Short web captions
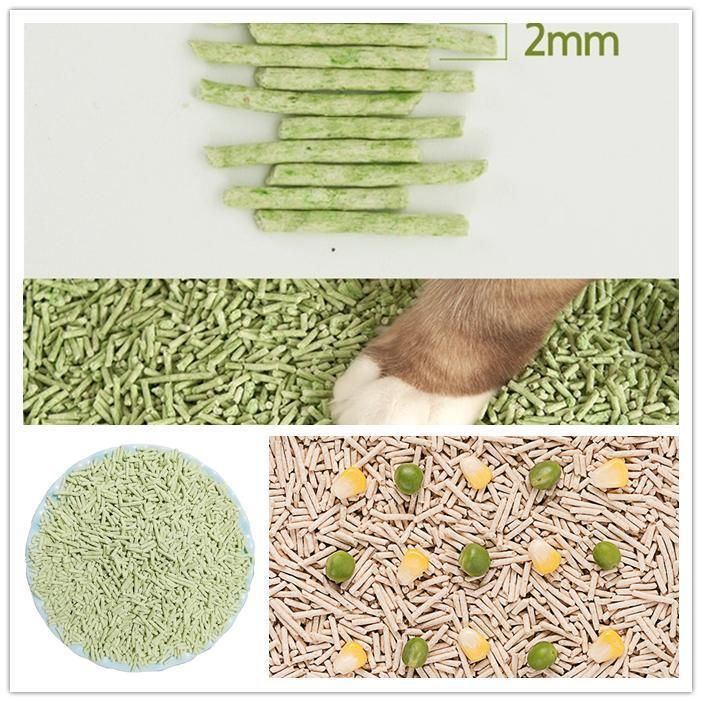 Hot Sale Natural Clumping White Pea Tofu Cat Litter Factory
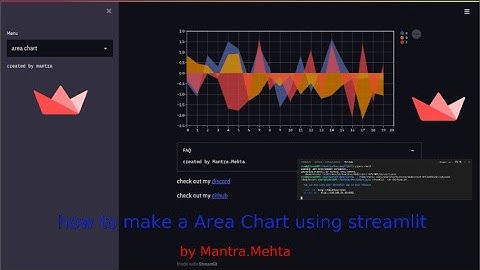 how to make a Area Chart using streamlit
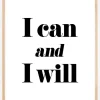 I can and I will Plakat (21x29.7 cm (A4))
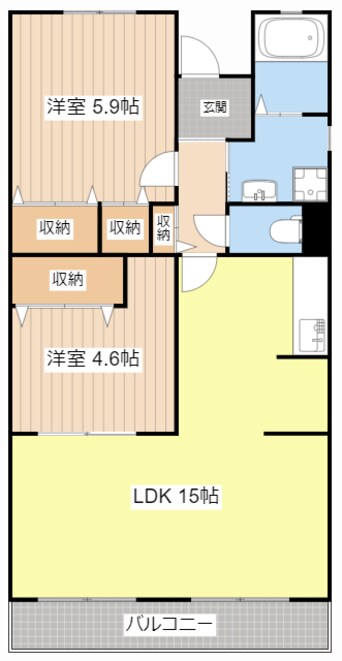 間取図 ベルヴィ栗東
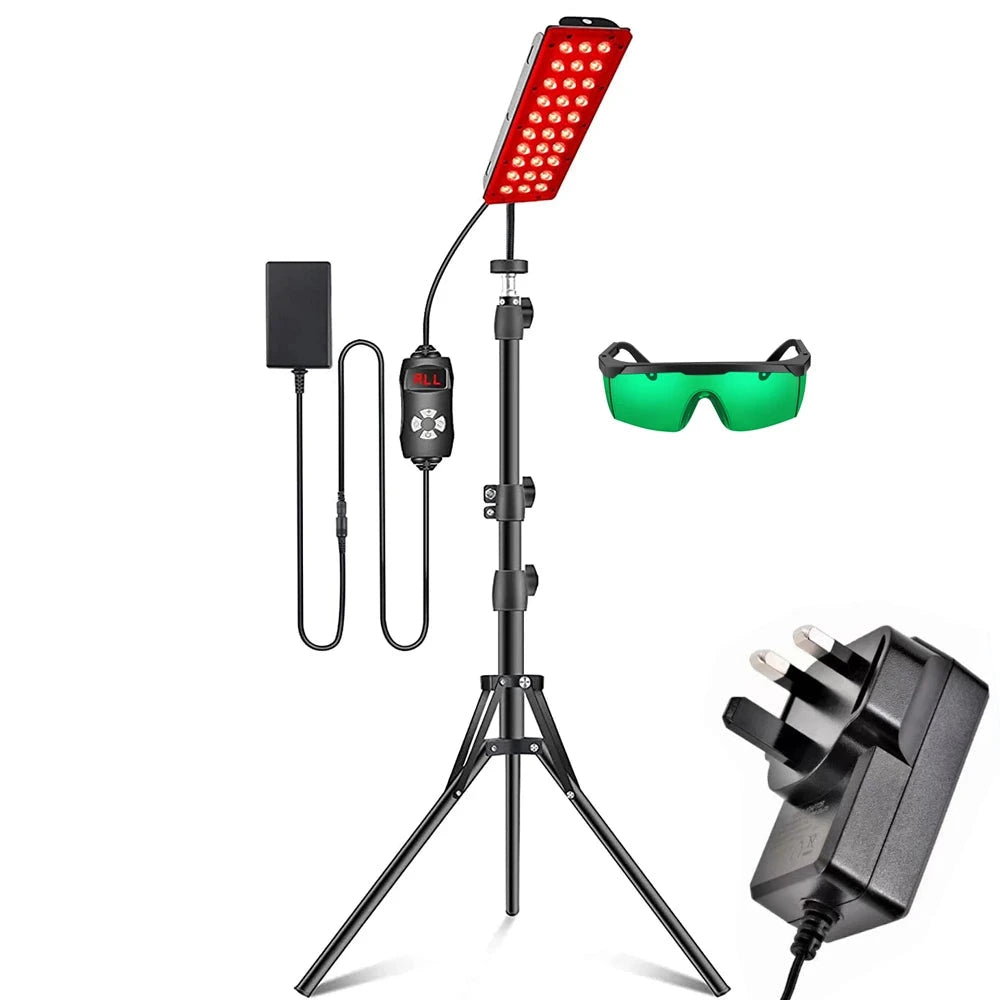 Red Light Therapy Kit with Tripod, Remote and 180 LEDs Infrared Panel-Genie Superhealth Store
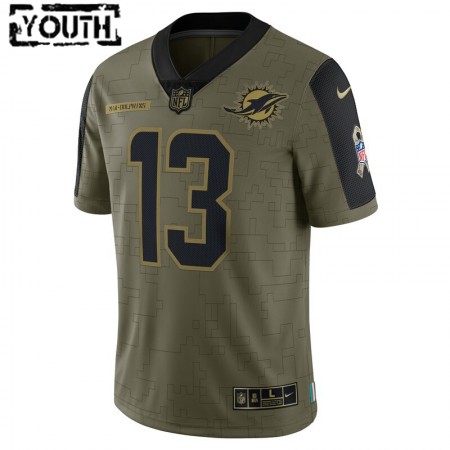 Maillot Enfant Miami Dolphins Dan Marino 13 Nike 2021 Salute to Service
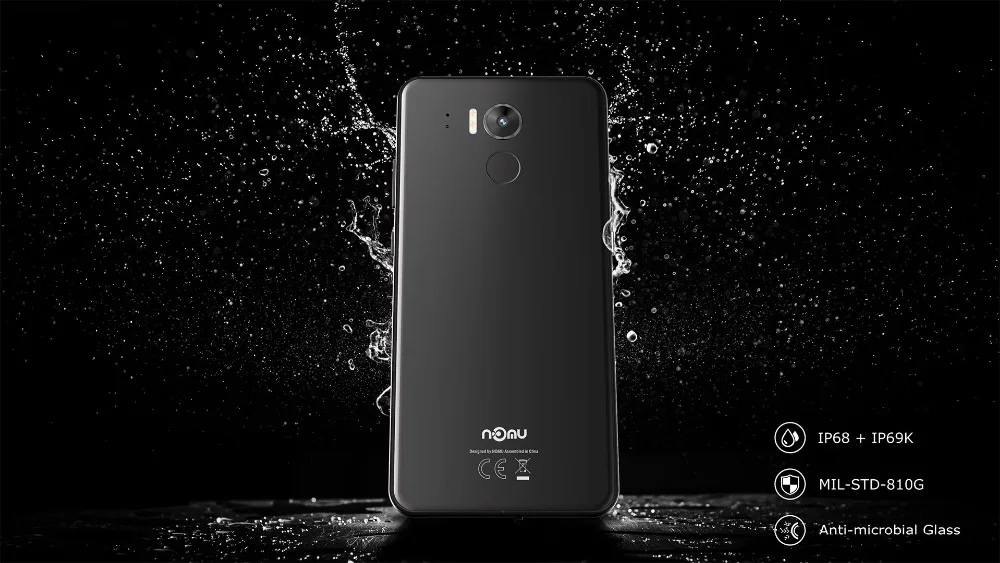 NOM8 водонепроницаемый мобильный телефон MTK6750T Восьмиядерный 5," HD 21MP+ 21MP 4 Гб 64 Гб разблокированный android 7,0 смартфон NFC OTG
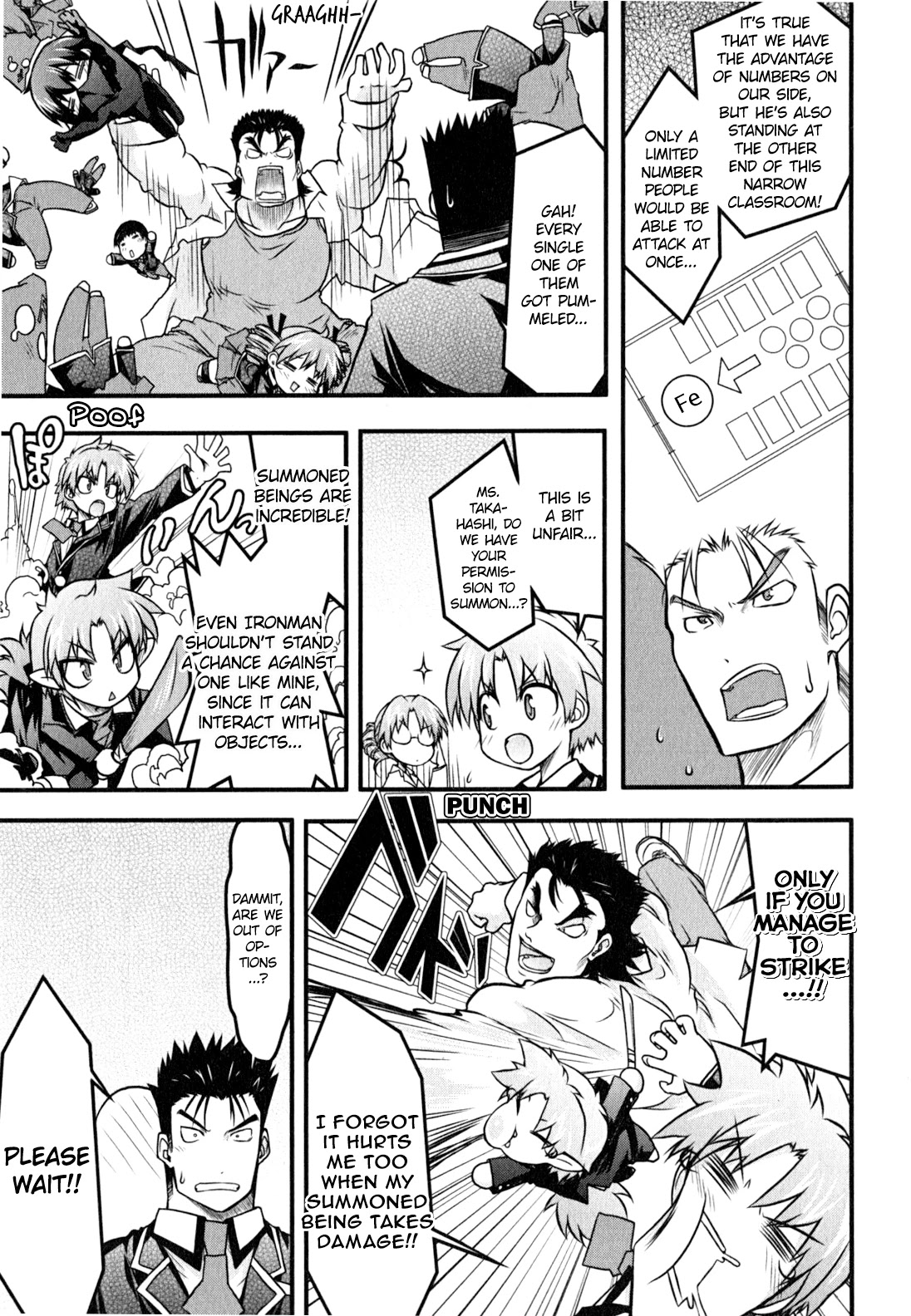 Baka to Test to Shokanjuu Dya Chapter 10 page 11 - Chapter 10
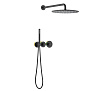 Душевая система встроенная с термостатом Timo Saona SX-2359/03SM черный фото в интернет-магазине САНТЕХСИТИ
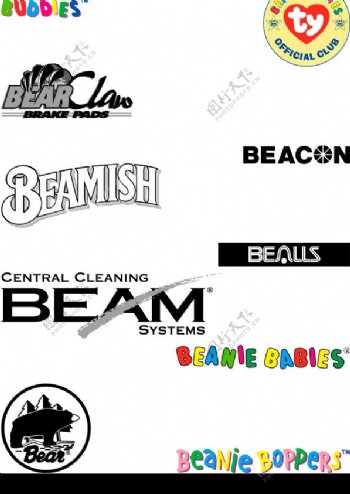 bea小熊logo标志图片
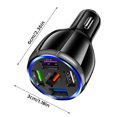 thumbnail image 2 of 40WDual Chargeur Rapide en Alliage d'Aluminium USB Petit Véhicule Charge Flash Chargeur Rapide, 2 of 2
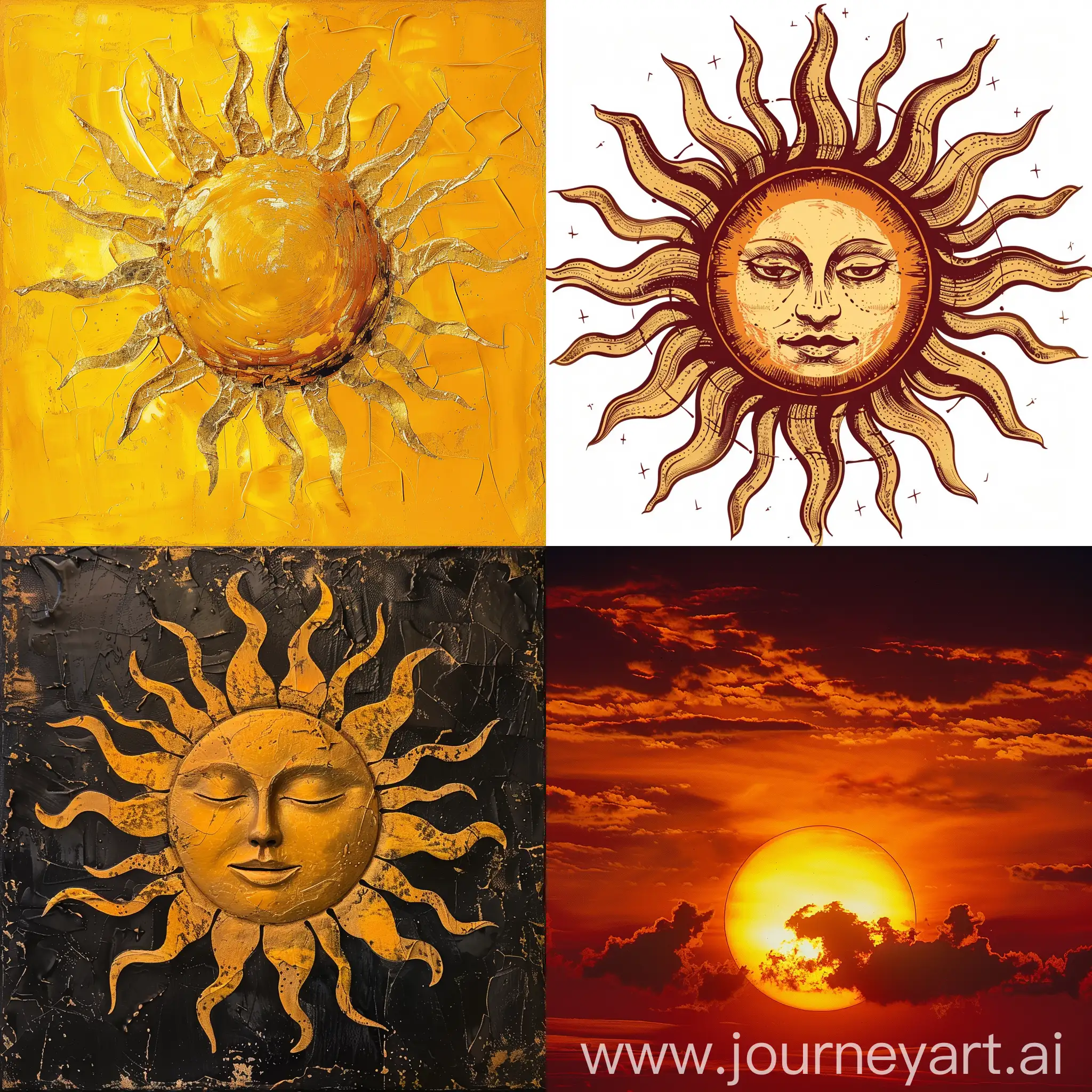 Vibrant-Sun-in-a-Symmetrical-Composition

Exercise
With the pictures excluded, transcribe word for word only the lines from the one containing "bea小熊logo标志图片" through the last line of the records.

The completed task
 bea小熊logo标志图片
 thumbnail image 2 of 40WDual Chargeur Rapide en Alliage d'Aluminium USB Petit Véhicule Charge Flash Chargeur Rapide, 2 of 2
 Vibrant-Sun-in-a-Symmetrical-Composition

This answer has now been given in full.